Since the string value in the vTest[nIdx].m_DisplayName is small it is stored in the small buffer in s._Bx._Buf. In VS2015 while assigning, the small buffer in the source string is copied to the destination string's small buffer.

 for (int nIdx = 0; nIdx < usrCount; nIdx++)
 {
     // ******VALUES ASSIGNING CORRECTLY in VS 2015 ******/
     // ******JUNK VALUE COMES IN THIS ASSIGNMENT in VS 2019 ******/
     vTestArray[nIdx].m_DisplayName = vTest[nIdx].m_DisplayName;
     vTestArray[nIdx].m_Type = vTest[nIdx].m_Type;
 }

Source string However, in VS2019, it is observed that the during assignment the destination's buffer ( s._Bx._Buf) is updated with junk value and the actual value is updated to the heap s._Bx._ptr.

Ideally since s._Bx is a union either the s._Bx._Buf or s._Bx._ptr should be present. Please find the image below. Destination

[Workaround]

However if I do a std::string casting in VS2019 it is assigning the std::string's small buffer in the source to the small buffer in the destination.
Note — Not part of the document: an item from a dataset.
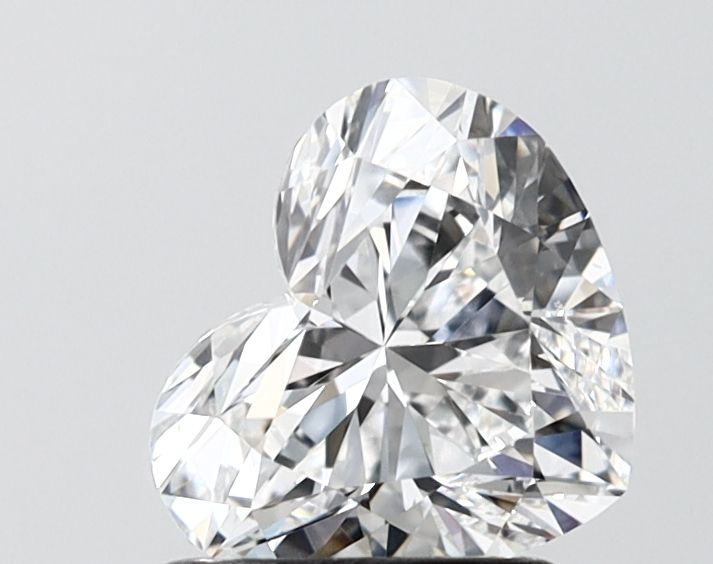 1.36 ct. heart Lab Grown Diamond front image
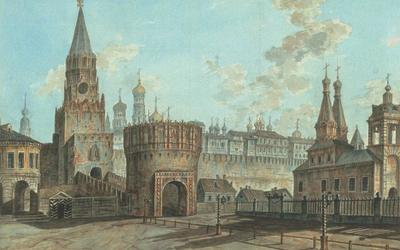 Московский Кремль: где находится, описание, история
for (int nIdx = 0; nIdx < usrCount; nIdx++)
{
    vTestArray[nIdx].m_DisplayName =(std::string)(vTest[nIdx].m_DisplayName);
    vTestArray[nIdx].m_Type = (std::string)(vTest[nIdx].m_Type);
}

I will appreciate if some one can help me to understand why this difference in VS2015 and VS2019!

aks
  • 302
  • 2
  • 10
  • 1
    So your problem is that the assignment doesn't use the small string optimization? Everything works though? – Goswin von Brederlow Jun 16 '22 at 21:01
  • 1
    I think the problem is that your code doesn't construct the `Test` objects in your 'safe array'. Perhaps you need to use placement new. – john Jun 16 '22 at 21:04
  • What does `SafeArrayAccessData` do? It's 99.9% UB. – Goswin von Brederlow Jun 16 '22 at 21:04
  • Same question about `SafeArrayCreate`. And pretty muich all the rest of the code not shown. Maybe start learning modern C++ like `std::span` insteadof SAFEARRAYBOUND. And `new` instead of whatever magic you use to allocate arrays. – Goswin von Brederlow Jun 16 '22 at 21:07
  • 2
    Safe array seems to be ironically named. – john Jun 16 '22 at 21:08
  • Do you realize that `vTest.emplace_back(obj);` is pointless? It can't construct the obejct in-place, it can't even move the data into place. It has to copy `obj`. You should write a proper constructor for `Test` with member initialization list and then `vTest.emplace_back("Nam1gd", "t1");` – Goswin von Brederlow Jun 16 '22 at 21:13
  • 1
    _"updated with junk value"_ - The debugger is showing you the value of the inactive `union` member. It's not junk. – Ted Lyngmo Jun 16 '22 at 21:22
  • `Test` contains `std::string` objects, which themselves contain pointers to outside memory. What is the point of storing `Test` objects in a byte array? If you are trying to *serialize* the `Test` objects (for transmission, storage, etc), this is not the correct way to go about doing it. – Remy Lebeau Jun 16 '22 at 21:24
  • I understood there are better ways do it. This a representation of big code base, recently ported from VS2015 to VS2019. My specific doubt is why the same code worked in 2015 and not working in 2019. – aks Jun 17 '22 at 02:26

1 Answers1

3

You are treating the array you obtained as if it contained alive Test objects, which it doesn't. That causes undefined behavior.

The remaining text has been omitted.